IG Metall Rechtsschutz

Sachkundige Beratung und kostenlose Prozessvertretung

Der Rechtsschutz der IG Metall bietet Mitgliedern sachkundige Beratung und kostenlose Prozessvertretung. Durch die guten Kontakte in die Betriebe wissen die Experten der IG Metall über die betrieblichen und branchentypischen Entwicklungen Bescheid und können deshalb die rechtlichen Interessen von Mitgliedern effektiver durchsetzen - wenn nötig durch alle Instanzen.
Wer kann den gewerkschaftlichen Rechtsschutz in Anspruch nehmen?
Alle Mitglieder der IG Metall. Eine rechtliche Beratung ist nach Beitritt möglich. Rechtsschutz für eine Prozessvertretung gibt es ab einer Mitgliedschaft von drei Monaten. Die Experten der IG Metall oder der DGB Rechtsschutz GmbH beraten und vertreten Mitglieder gegenüber ihren Arbeitgebern, den Trägern der Renten-, Kranken oder Unfallversicherung sowie der Arbeitslosenversicherung.

Bei welchen Streitigkeiten gibt es Beratung und Rechtsschutz?
Bei Streit nach Arbeitsunfällen, Kündigung oder Krankheit. Auch Auseinandersetzungen um Rentenbescheide, Abfindungen, Lohnabrechnungen und vieles mehr, sind Gegenstand der Klagen bei den Arbeits- und Sozialgerichten. Bei Urlaub und Urlaubsgeld, Mutterschutz, Abmahnung oder zur betrieblichen Altersversorgung hilft und berät die IG Metall. Sie prüft Zeugnisse, Arbeits- oder Aufhebungsverträge.

Welche Vorteile bietet der gewerkschaftliche Rechtsschutz gegenüber einem Versicherungsanbieter?
Zum Beispiel die Prüfung von Arbeits- oder Aufhebungsverträgen. Eine Rechtsschutzversicherung übernimmt die Kosten einer juristischen Beratung in solchen Fällen nicht. Sie erteilt dem Anwalt oft nur dann eine sogenannte Deckungszusage, wenn eine rechtswidrige Handlung durch den Arbeitgeber vorliegt. Die Experten in den zuständigen IG Metall- Verwaltungsstellen helfen auch dann, wenn kein Streitfall zu Grunde liegt. Sie checken Lohn- und Gehaltsabrechnungen und fordern mögliche Ansprüche für ihr Mitglied ein - zunächst außergerichtlich, notfalls auch vor Gericht. Ob Prüfung und Beratung, Prozessvertretung vor Gerichten oder Behörden: Mitgliedern entstehen keinerlei Kosten.

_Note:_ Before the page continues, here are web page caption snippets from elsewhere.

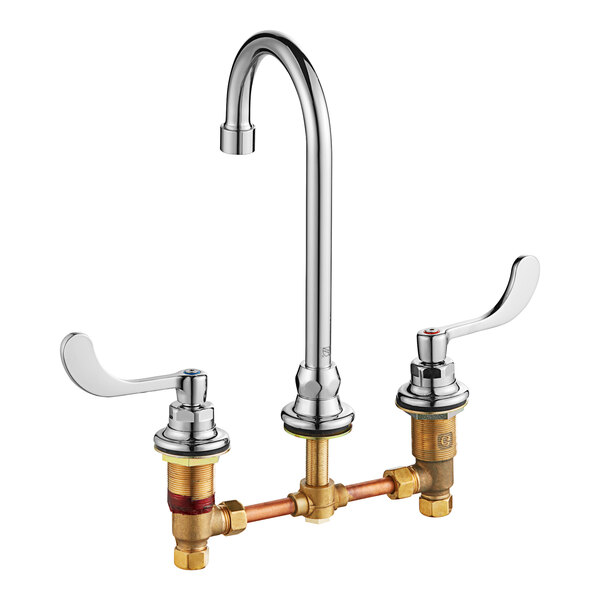An American Standard deck-mount faucet with wrist blade handles and a gooseneck spout in chrome.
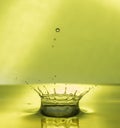 Water Drop Collisions Macro Photography with green background Royalty Free Stock Photo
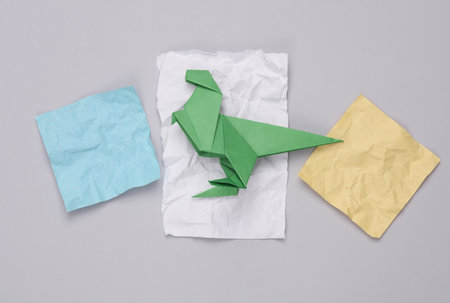 Origami dinosaur and crumpled pieces of paper on a gray background. children's creativity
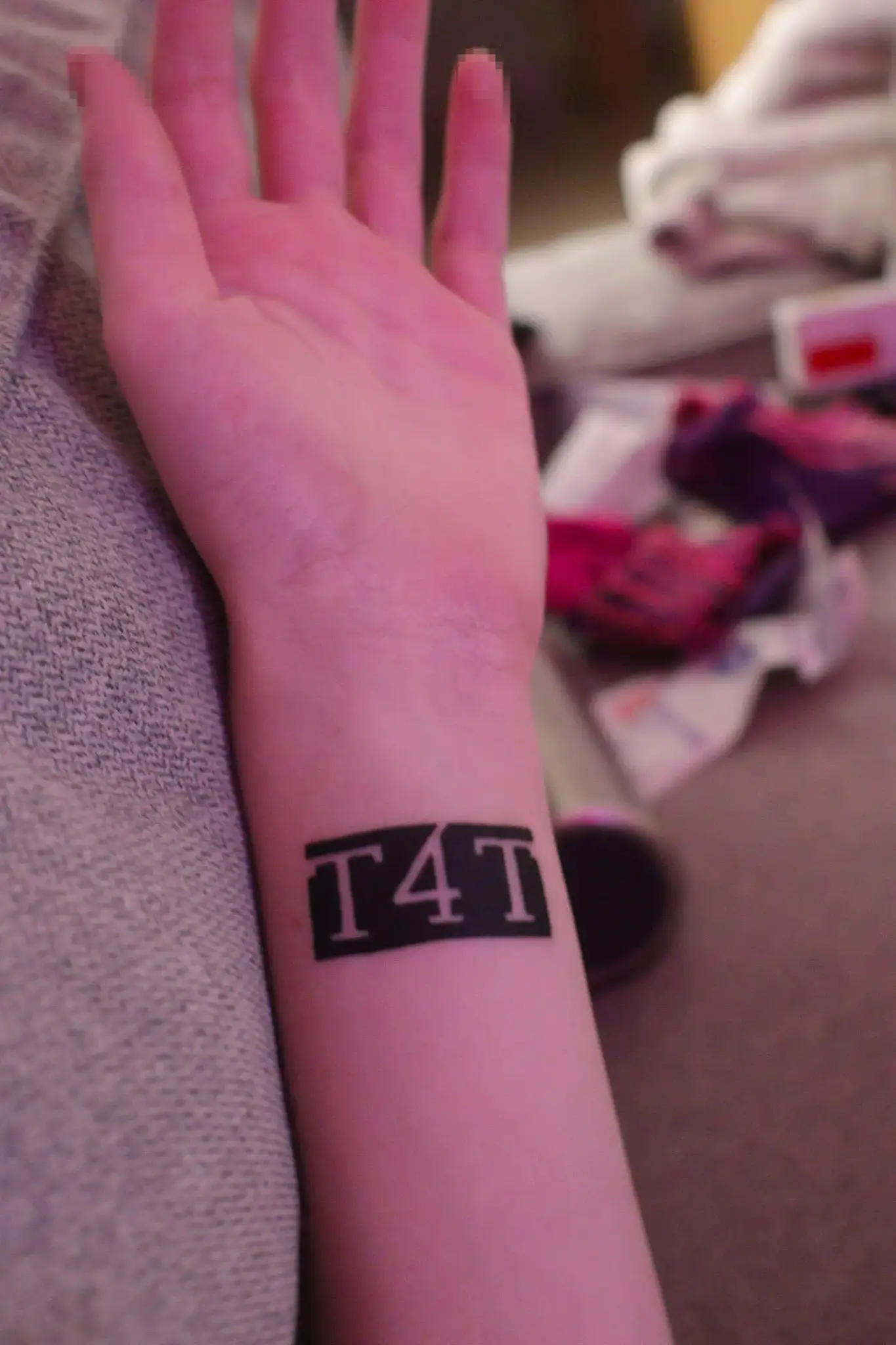 my paw with t4t tattooed on the wrist. there's a little mess on the background, it's a couch my paw with t4t tattooed on the wrist. there's a little mess on the background, it's a couch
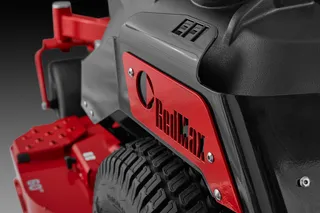 Close-up view of a RedMax branded lawn mower with visible tire and deck components.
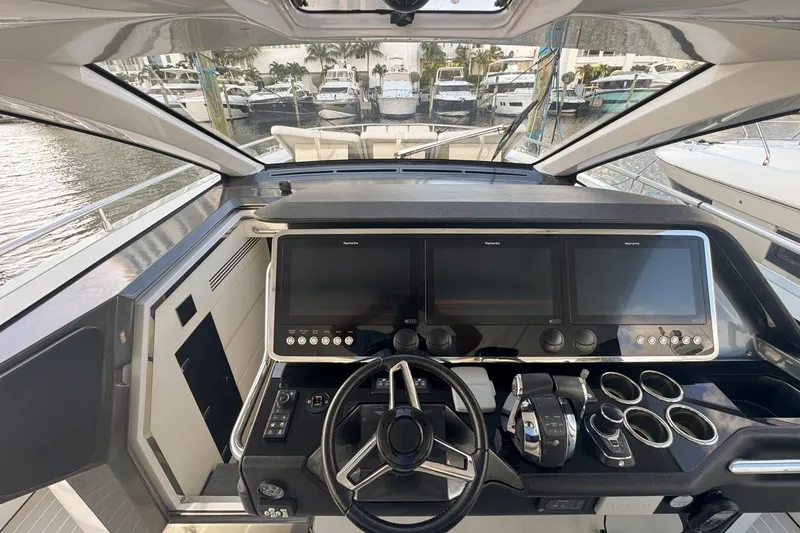 Slide: The Image of 2023 Azimut Verve 47 yacht cockpit with modern navigation screens and controls. - 35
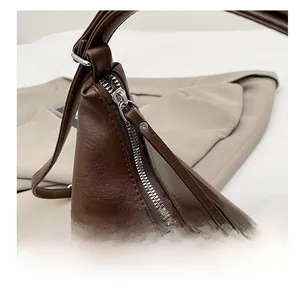 Close-up of smooth silver zipper and lychee pattern leather on dark brown shoulder bag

Übernimmt die IG Metall auch die Kosten für einen selbst beauftragten Anwalt?
Nein. Es passiert hier und da schon einmal, dass ein beauftragter Anwalt glaubt, die IG Metall komme für die Kosten auf. Mitglieder sollten darum auf der Hut sein: Es gibt strikte Regelungen zum gewerkschaftlichen Rechtsschutz. Diese sind alle in der IG Metall-Satzung und den Rechtsschutzrichtlinien festgeschrieben. Danach ist eine nachträgliche Übernahme von Rechtsanwaltskosten durch die Organisation unzulässig. Diese Kosten muss das Mitglied aus eigener Tasche zahlen. Je nach Streitfall und Ausgang des Verfahrens eine kostspielige Angelegenheit.

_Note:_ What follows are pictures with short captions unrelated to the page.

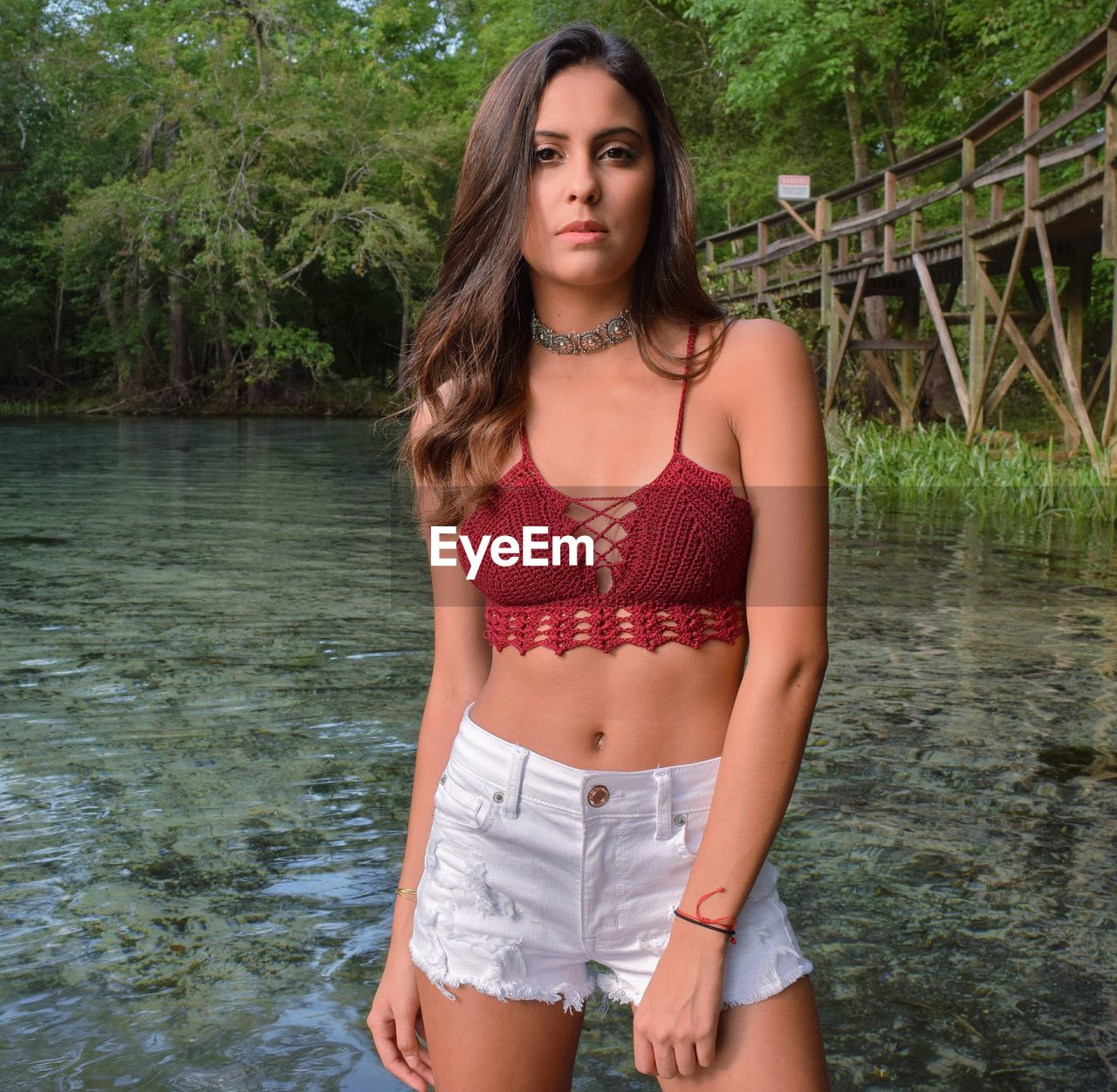 Portrait of beautiful young woman standing against lake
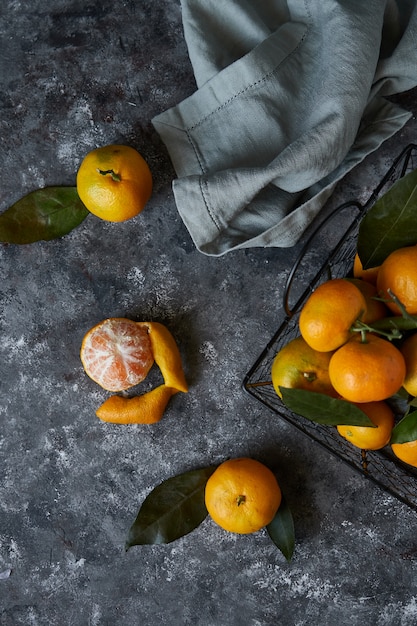 Mandarines juteuses avec des feuilles dans un panier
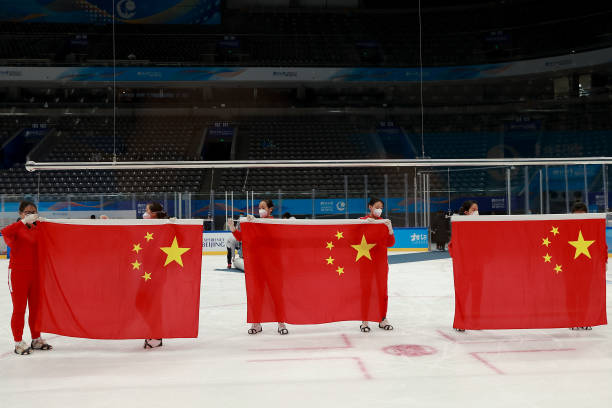 Flag bearer tidying up the national flag at the award ceremony during a Para Ice Hockey test event for the Beijing 2022 Winter Olympics at National...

Wo beantragen Mitglieder den Rechtsschutz?
Bei einem arbeits- oder sozialrechtlichen Problem gilt: Erste Anlaufstelle für Mitglieder ist die zuständige IG Metall vor Ort. Im Falle einer Kündigungmelden sich Betroffene schnell bei ihrer zuständigen Verwaltungsstelle und vereinbaren einen Beratungstermin. Zu diesem Gespräch sind sämtliche Unterlagen aus dem Arbeitsverhältnis mitzunehmen. Mit ihnen verschaffen sich die Beraterinnen oder Berater einen ersten Überblick. Die Verwaltungsstelle prüft den Fall und entscheidet über die Rechtsschutzgewährung. Das Gute: In vielen Fällen klären sich Streitigkeiten außergerichtlich.

Was sollen Betroffene zuerst tun bei einem Problem?
Bei arbeitsrechtlichen Streitigkeiten ist es - neben dem Termin bei der Verwaltungsstelle - dringend zu empfehlen, den Betriebsrat aufzusuchen. Vor allem dann, wenn Vorgesetzte verlangen, etwas zu unterschreiben. Es ist längst nicht alles rechtlich zulässig, was Arbeitgeber einem zur Unterschrift vorlegen. Niemals sollten Beschäftigte etwas ungeprüft unterschreiben. Das gilt auch bei sozialrechtlichen Streitigkeiten, beispielsweise gegenüber der Arbeitsagentur. Wer Rat benötigt, wendet sich rasch an die zuständige IG Metall vor Ort. Kontaktdaten finden sich auf dem Mitgliedsausweis der IG Metall.